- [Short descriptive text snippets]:
*** Begin section ***

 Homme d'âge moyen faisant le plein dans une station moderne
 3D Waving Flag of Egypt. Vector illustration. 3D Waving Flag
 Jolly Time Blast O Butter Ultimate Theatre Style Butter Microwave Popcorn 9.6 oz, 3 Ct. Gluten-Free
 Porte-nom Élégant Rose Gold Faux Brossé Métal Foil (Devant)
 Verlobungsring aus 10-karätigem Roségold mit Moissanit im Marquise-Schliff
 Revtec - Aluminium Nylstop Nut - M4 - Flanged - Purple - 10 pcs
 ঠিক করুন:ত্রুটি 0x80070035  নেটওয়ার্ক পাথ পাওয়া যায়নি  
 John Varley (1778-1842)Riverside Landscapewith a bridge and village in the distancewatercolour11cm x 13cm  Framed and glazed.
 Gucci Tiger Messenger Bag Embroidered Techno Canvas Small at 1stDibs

*** End section ***
*** Begin section ***

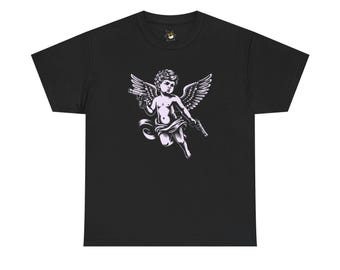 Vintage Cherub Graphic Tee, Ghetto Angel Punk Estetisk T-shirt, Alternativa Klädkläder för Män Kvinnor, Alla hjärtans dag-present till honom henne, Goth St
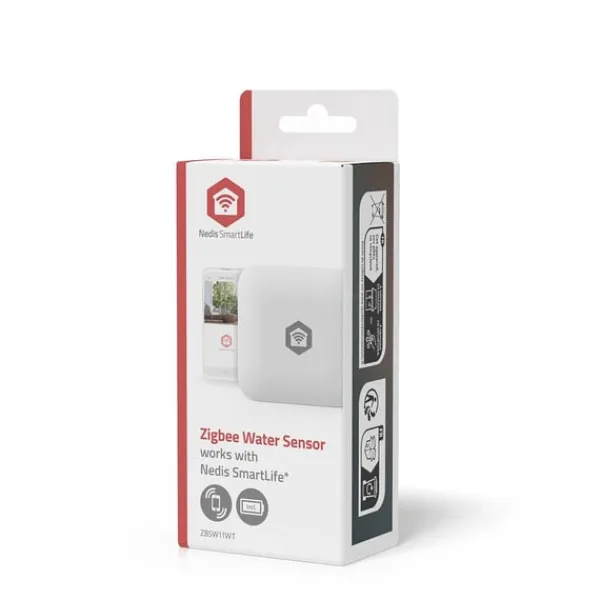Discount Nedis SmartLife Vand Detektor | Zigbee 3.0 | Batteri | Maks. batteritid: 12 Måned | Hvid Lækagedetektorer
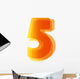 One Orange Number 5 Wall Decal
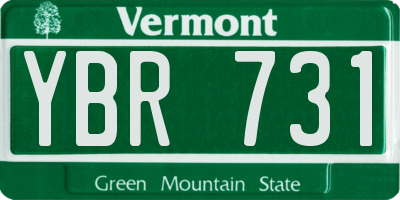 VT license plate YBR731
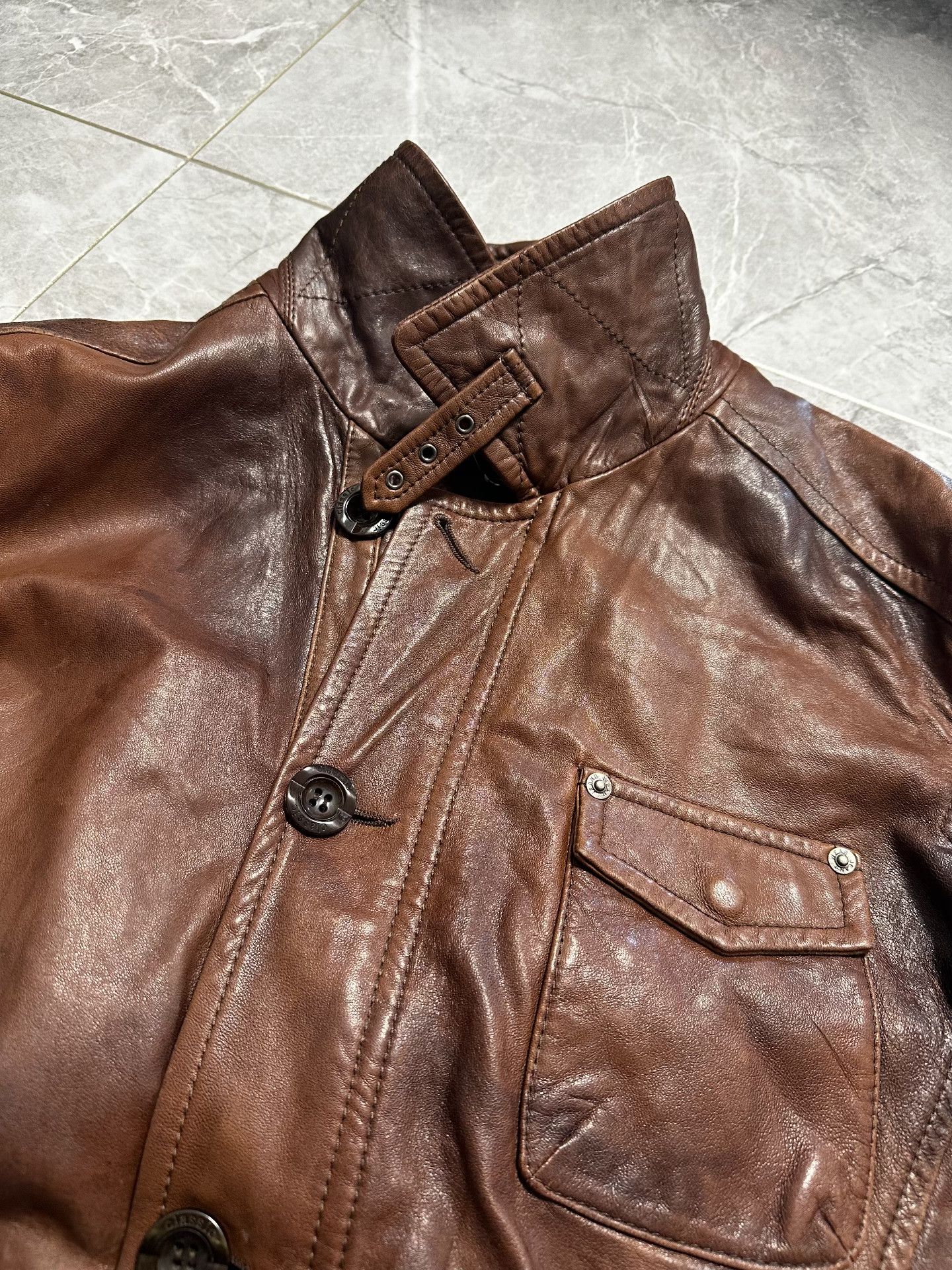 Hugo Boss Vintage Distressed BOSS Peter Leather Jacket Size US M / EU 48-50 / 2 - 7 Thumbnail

*** End section ***

- [WORK INSTRUCTION]: Above are some records; extract exactly the lines from the one containing "Vintage Cherub Graphic" through the one containing "VT license plate YBR731" and drop the pictures.

- [TASK SOLUTION]:
 Vintage Cherub Graphic Tee, Ghetto Angel Punk Estetisk T-shirt, Alternativa Klädkläder för Män Kvinnor, Alla hjärtans dag-present till honom henne, Goth St
Discount Nedis SmartLife Vand Detektor | Zigbee 3.0 | Batteri | Maks. batteritid: 12 Måned | Hvid Lækagedetektorer
 One Orange Number 5 Wall Decal
 VT license plate YBR731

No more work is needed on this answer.